3. Participants are notified in the summary annual report the names of the regulated institutions holding qualified plan assets and the amounts held, and the amount of fidelity bond coverage and who the bonding company is.

Qualifying Plan Assets are:

1. Any loan meeting the requirements of ERISA Section 4087(b) (1). These are participant loans.

2. Any assets held by a bank, insurance company, registered-broker dealer, or other organization authorized to be trustee of an IRA.

3. Investment and annuity contracts issued by an insurance company qualified to do business in that state.

4. In the case of an individual account plan, any assets in the account of a participant in which the participant has the opportunity to exercise control and is furnished, at least annually, a statement from a regulated financial institution of the assets held and the amount of such assets.

5. Qualifying employer securities (publicly traded stock, notes, or other securities) as defined in ERISA Section 407(d)(5) and related DOL Regulations.

Example
The Bottoms Up 401(k) Plan, has $500,000 in assets, comprised as follows:

$400,000 in investments in various mutual fund products, (80%)

$25,000 in qualifying employer securities, ( 5%) and

$75,000 in a real estate limited partnership. (15%)

Since the only non-qualifying assets represent 15% of the plan’s assets, a fidelity bond of at least $75,000 would be required.

5. Fidelity Bond
The Department of Labor's Rules and Regulations require that the plan sponsor maintain a fidelity bond at the lesser of 10% of net plan assets at the beginning of the year or $500,000. What has been troubling the Department of Labor is that plan sponsors have been getting fiduciary insurance rather than a fidelity bond. Generally, fiduciary insurance covers the fiduciaries from breach of their fiduciary duties with the exception of any fraud or other criminal act.
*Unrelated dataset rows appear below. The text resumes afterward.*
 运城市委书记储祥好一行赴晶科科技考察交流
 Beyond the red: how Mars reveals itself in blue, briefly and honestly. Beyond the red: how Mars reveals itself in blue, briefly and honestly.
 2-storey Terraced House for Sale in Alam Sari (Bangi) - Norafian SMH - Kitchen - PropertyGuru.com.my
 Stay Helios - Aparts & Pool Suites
Since these acts are exempted from coverage, fiduciary insurance is not an acceptable alternative to fidelity bonding coverage. A fidelity bond will generally cover all defalcations including fraud and criminal acts, and not be subject to a deductible. Moreover, the Plan must be named as a covered party under a fidelity bond.

6. Participant Distributions
The following rules apply to all eligible rollover distributions from a qualified retirement plan:

A participant must be provided with a special tax notice and information describing the various distribution options offered by the plan. Such a participant must then submit a written election to receive a plan distribution before they can be paid out of the plan. A distribution package that contains the notice, information and election forms should be prepared.
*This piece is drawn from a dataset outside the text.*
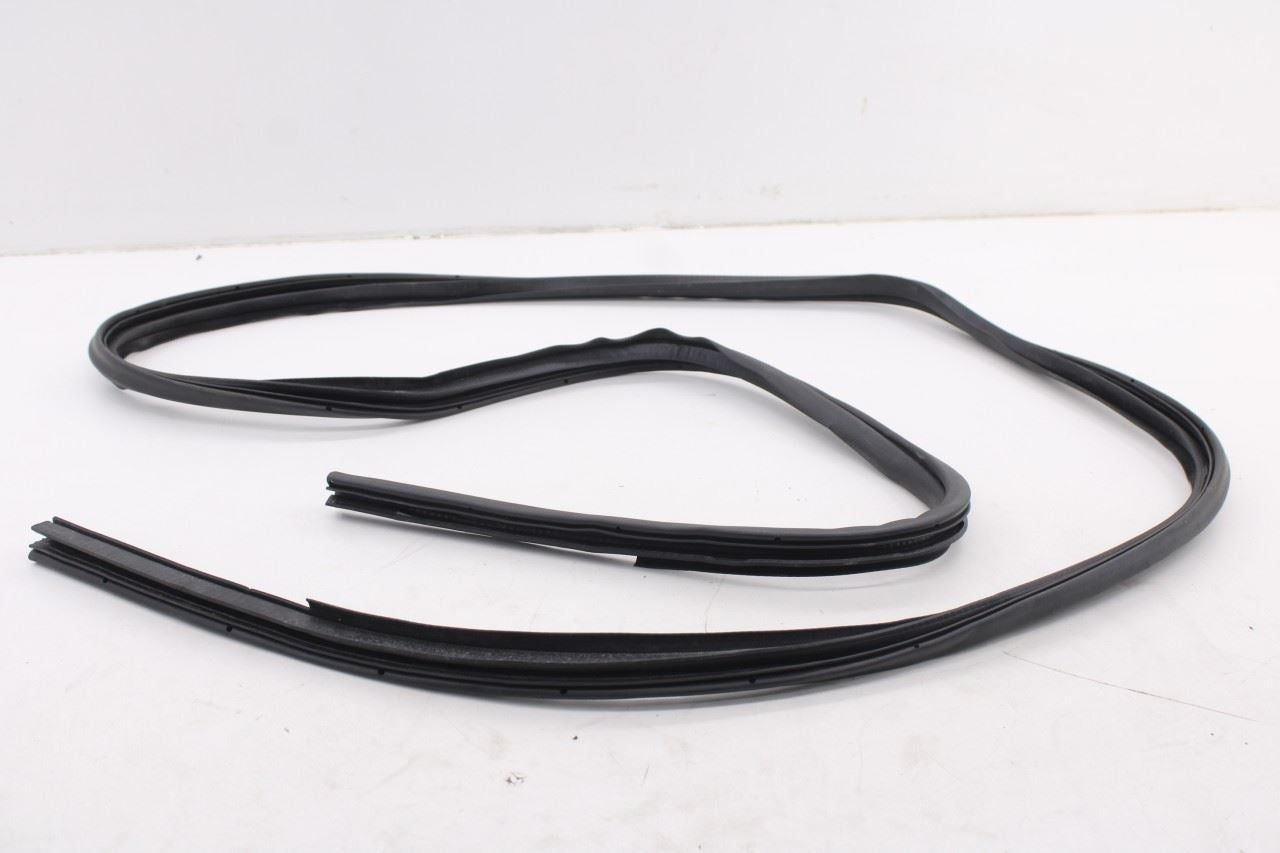 2011-25 Mitsubishi Outlander Sport SE Front Right Side Door Weatherstrip On Body5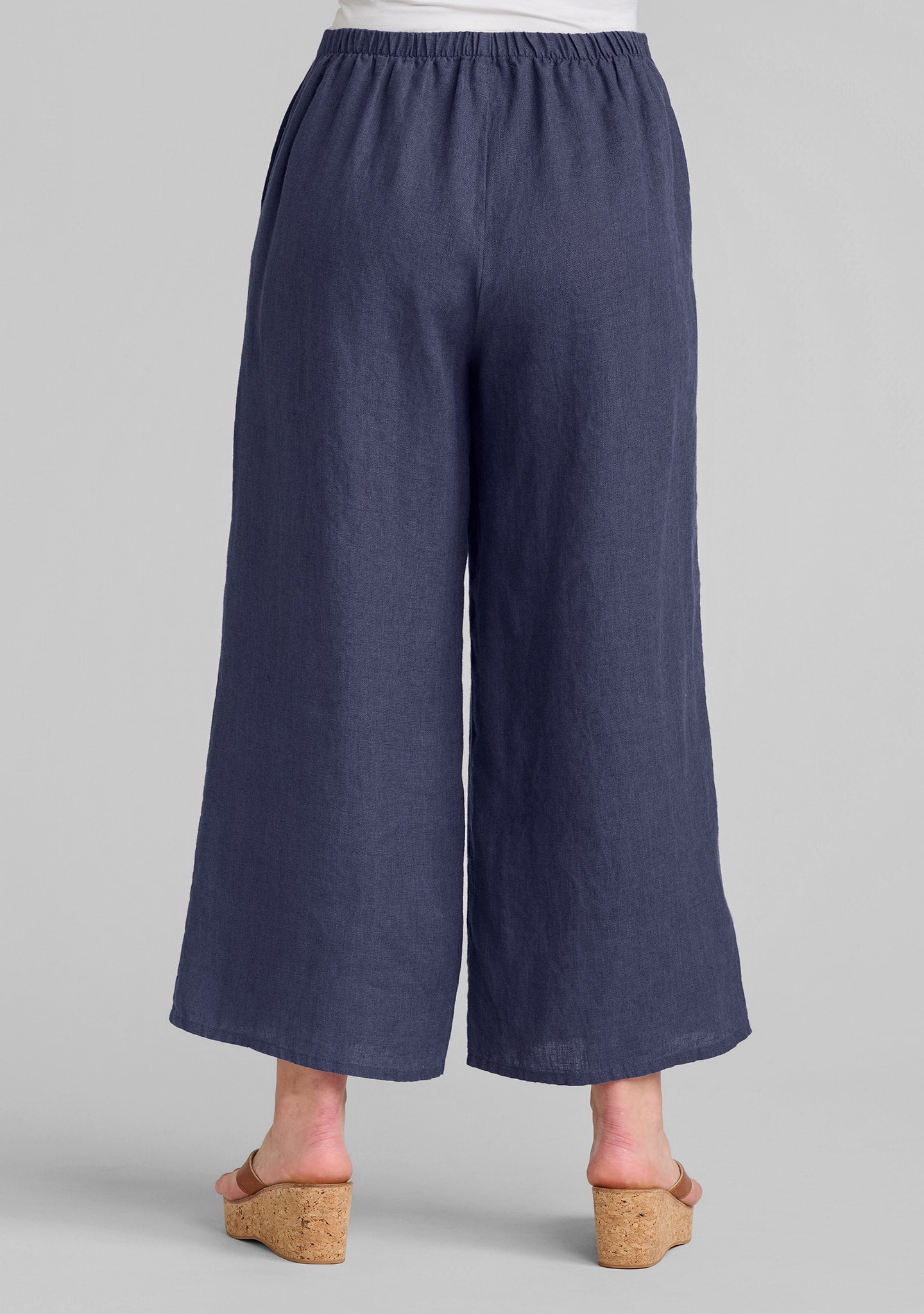 sociable floods linen pants details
A participant with an account balance of $5,000 or less can be cashed-out of the plan if he or she does not return a distribution election. Such a cash-out would require Federal Income Tax withholding. Check with your State for any State Tax withholding requirements.
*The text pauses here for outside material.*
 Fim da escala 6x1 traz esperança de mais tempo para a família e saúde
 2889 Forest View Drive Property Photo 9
If an eligible rollover distribution is not rolled over to an IRA or another retirement plan, 20% must be withheld for Federal Income Tax.

If an eligible rollover distribution is not rolled over to an IRA or another plan, 2% must be withheld for California State Tax unless the participant completes a written waiver of California withholding. Check with other States for any State Tax withholding requirements.

Income Tax withheld must be deposited immediately, or the IRS and/or State will assess interest & penalties. The Federal withholding must be transmitted electronically to the IRS via a Federal Depository Bank. If a check is sent directly to IRS, IRS will assess a penalty.

If Federal tax is withheld from distributions during the calendar year, IRS Form 945 must be filed. Check with your State for any filing requirements when State tax is withheld.